GOP Backs Off Montana Voter Challenges

The Montana Republican Party, which just last week notified local election officials in a handful largely Democratic counties that it intended to challenge the registrations of nearly 6,000 voters, has withdrawn that action.

According to press reports from the big sky state, the Montana Republican Party announced on Tuesday it would no longer pursue the challenges, which potentially would have forced targeted individuals to produce additional documentation of their legal address when voting.

The Montana GOP had selected individuals who were likely Democratic voters in university towns and on Native American reservations, local political analysts said. Reaction from election officials and editorial writers was uniformly negative, saying the threatened challenges were a ruse to discourage likely Democrats from voting.

Versions of this tactic are playing out across the country as GOP officials, either party leaders or office holders, are seeking to verify the validity of new voter registrations by saying they must match information for these same individuals in other government databases, such drivers' licenses or Social Security numbers. These demands come against a backdrop of reports saying Democrats have been more successful than Republicans in registering new voters in 2008.

Most notably, in Wisconsin, the Attorney General, a Republican, is pushing his state's election officials to screen registrations with the Social Security database. This past Monday, the Social Security Administration issued a press release asking six states -- Alabama, Georgia, Indiana, North Carolina, Nevada and Ohio -- to "review their procedures" to ensure voters were not mistakenly removed from voter rolls before the November election.
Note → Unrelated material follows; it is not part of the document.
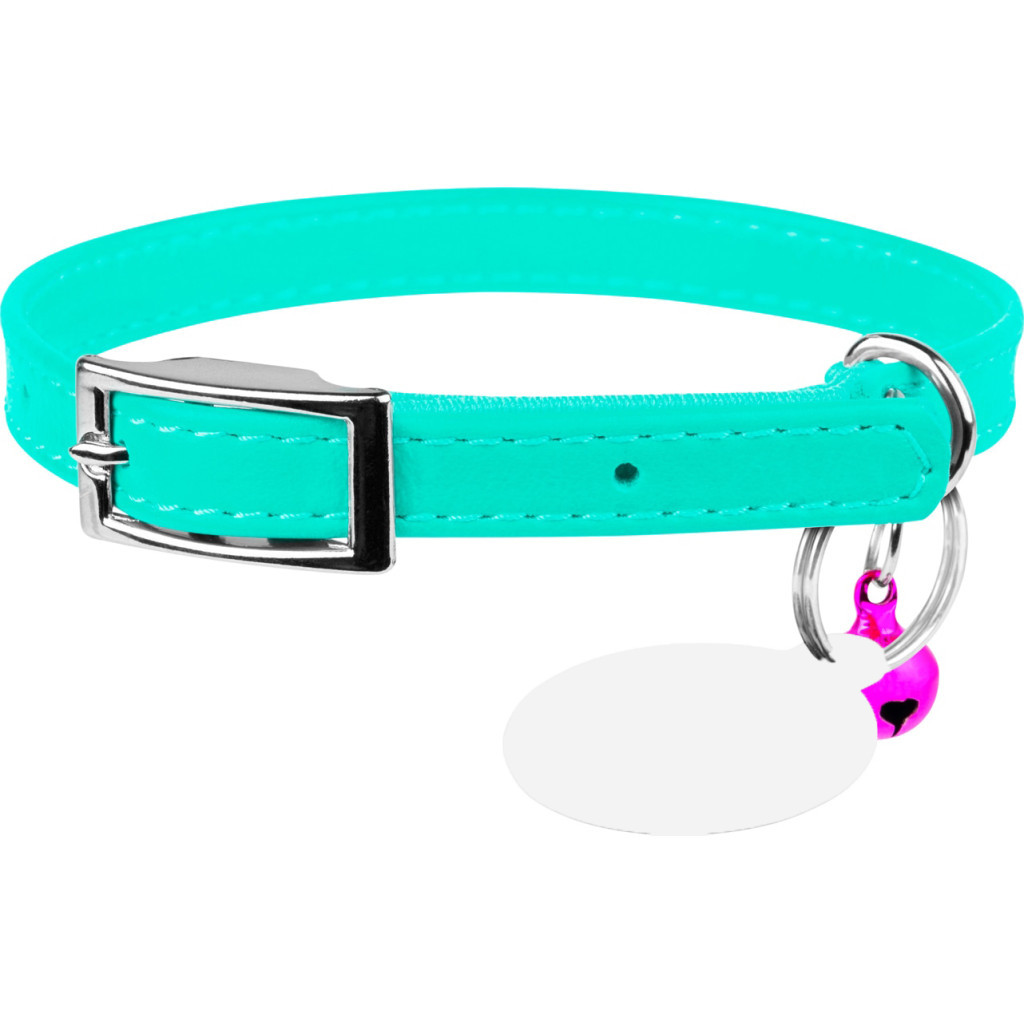 Нашийник для тварин WAUDOG Glamour з QR паспортом Д 17-20 см ментоловий (327513) - зображення 1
The problem with this name matching standard is two-fold: some government databases, notably Social Security records, are known to have errors -- which could result in legal voter registrations being rejected through no fault of the voter. Second, data-entry errors, such as typos involving people's names, can also lead to rejected voter registrations. Here, too, voters often have little recourse to correct mistakes by public agencies or government contractors who prepare and manage these databases.